* _EXERCISE_: From the line that contains "Portapenne in legno casa con cassetto" to the final line of the entries below, write out every line exactly as it appears, and nothing else.

* _RECORDS FOR THIS TASK_:

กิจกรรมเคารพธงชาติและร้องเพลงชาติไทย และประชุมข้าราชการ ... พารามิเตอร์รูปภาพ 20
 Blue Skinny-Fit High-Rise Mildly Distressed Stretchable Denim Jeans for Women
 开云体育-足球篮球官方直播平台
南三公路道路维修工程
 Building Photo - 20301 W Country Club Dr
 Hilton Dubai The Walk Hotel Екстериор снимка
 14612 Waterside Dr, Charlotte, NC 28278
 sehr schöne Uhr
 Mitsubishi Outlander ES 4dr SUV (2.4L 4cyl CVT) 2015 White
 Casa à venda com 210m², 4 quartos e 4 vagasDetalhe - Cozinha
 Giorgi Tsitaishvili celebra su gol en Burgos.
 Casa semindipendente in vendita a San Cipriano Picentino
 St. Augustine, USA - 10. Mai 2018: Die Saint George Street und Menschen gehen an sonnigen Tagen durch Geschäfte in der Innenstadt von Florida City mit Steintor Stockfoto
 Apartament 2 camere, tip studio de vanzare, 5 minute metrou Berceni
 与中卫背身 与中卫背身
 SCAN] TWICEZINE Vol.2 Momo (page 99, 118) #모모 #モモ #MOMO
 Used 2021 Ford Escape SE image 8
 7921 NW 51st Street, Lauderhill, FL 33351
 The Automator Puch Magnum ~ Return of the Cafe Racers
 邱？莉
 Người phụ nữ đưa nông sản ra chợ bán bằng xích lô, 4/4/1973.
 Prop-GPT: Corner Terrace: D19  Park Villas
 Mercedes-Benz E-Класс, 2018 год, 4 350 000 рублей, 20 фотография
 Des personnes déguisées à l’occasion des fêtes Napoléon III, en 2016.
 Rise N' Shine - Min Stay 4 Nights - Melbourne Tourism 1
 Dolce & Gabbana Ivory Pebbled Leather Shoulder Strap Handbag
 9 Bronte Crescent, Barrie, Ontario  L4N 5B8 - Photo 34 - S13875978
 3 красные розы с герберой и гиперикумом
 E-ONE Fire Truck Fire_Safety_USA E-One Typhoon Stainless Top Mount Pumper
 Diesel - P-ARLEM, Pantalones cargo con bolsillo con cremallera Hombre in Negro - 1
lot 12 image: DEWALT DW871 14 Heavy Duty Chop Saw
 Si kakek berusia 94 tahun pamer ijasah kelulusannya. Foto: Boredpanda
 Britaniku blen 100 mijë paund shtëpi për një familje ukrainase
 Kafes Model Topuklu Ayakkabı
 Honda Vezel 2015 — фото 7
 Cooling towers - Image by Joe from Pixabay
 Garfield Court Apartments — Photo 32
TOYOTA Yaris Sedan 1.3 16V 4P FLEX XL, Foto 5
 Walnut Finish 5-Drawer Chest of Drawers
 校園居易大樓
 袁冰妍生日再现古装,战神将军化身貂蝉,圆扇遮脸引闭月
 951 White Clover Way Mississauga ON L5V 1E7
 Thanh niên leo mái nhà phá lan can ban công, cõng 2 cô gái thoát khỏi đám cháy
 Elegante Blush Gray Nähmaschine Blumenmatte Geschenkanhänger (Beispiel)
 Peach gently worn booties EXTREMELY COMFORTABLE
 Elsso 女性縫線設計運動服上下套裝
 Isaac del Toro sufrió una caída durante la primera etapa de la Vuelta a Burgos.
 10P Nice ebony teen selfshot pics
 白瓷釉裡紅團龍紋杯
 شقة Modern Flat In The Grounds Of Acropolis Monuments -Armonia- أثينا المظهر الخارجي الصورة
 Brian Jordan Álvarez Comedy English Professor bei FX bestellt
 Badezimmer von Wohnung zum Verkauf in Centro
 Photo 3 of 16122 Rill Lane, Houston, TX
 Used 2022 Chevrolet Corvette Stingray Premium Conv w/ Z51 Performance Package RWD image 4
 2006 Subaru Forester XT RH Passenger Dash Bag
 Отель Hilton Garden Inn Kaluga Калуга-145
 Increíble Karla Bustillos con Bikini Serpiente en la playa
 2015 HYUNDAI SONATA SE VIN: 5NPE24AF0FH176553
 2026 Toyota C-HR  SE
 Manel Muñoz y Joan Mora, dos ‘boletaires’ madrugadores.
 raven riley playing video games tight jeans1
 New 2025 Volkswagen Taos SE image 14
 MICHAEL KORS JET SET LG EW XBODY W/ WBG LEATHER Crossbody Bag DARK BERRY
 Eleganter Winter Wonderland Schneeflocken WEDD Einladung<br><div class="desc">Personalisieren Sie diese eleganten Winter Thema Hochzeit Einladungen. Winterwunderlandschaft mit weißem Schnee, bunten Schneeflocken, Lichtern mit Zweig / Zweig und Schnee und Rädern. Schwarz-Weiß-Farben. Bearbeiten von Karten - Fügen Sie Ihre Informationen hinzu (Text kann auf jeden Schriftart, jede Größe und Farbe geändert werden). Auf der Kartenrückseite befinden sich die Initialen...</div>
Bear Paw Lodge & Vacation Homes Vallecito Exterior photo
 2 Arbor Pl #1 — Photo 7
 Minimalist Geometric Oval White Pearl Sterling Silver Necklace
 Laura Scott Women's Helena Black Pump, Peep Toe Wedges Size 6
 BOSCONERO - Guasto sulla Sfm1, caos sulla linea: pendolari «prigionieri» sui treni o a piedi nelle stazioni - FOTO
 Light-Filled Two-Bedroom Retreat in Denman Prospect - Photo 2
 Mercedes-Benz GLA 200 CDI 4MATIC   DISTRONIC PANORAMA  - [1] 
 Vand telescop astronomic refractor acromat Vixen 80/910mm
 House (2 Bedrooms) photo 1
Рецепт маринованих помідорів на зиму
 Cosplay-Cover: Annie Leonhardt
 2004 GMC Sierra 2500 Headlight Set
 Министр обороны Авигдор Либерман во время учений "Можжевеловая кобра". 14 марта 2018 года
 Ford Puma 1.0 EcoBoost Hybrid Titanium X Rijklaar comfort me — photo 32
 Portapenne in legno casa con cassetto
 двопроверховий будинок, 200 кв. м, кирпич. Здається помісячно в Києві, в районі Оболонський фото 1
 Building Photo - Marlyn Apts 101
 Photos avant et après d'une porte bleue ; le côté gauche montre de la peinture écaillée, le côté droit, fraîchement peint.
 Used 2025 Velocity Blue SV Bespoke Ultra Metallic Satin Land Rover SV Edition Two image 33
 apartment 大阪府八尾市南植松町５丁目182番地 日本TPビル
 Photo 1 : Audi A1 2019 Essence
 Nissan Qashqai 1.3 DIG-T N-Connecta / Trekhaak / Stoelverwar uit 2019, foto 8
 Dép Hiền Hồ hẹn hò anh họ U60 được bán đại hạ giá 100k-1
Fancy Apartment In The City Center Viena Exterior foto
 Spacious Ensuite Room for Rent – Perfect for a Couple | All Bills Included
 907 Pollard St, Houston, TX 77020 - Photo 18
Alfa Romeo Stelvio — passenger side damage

* _ANSWER SECTION_:
 Portapenne in legno casa con cassetto
 двопроверховий будинок, 200 кв. м, кирпич. Здається помісячно в Києві, в районі Оболонський фото 1
 Building Photo - Marlyn Apts 101
 Photos avant et après d'une porte bleue ; le côté gauche montre de la peinture écaillée, le côté droit, fraîchement peint.
 Used 2025 Velocity Blue SV Bespoke Ultra Metallic Satin Land Rover SV Edition Two image 33
 apartment 大阪府八尾市南植松町５丁目182番地 日本TPビル
 Photo 1 : Audi A1 2019 Essence
 Nissan Qashqai 1.3 DIG-T N-Connecta / Trekhaak / Stoelverwar uit 2019, foto 8
 Dép Hiền Hồ hẹn hò anh họ U60 được bán đại hạ giá 100k-1
Fancy Apartment In The City Center Viena Exterior foto
 Spacious Ensuite Room for Rent – Perfect for a Couple | All Bills Included
 907 Pollard St, Houston, TX 77020 - Photo 18
Alfa Romeo Stelvio — passenger side damage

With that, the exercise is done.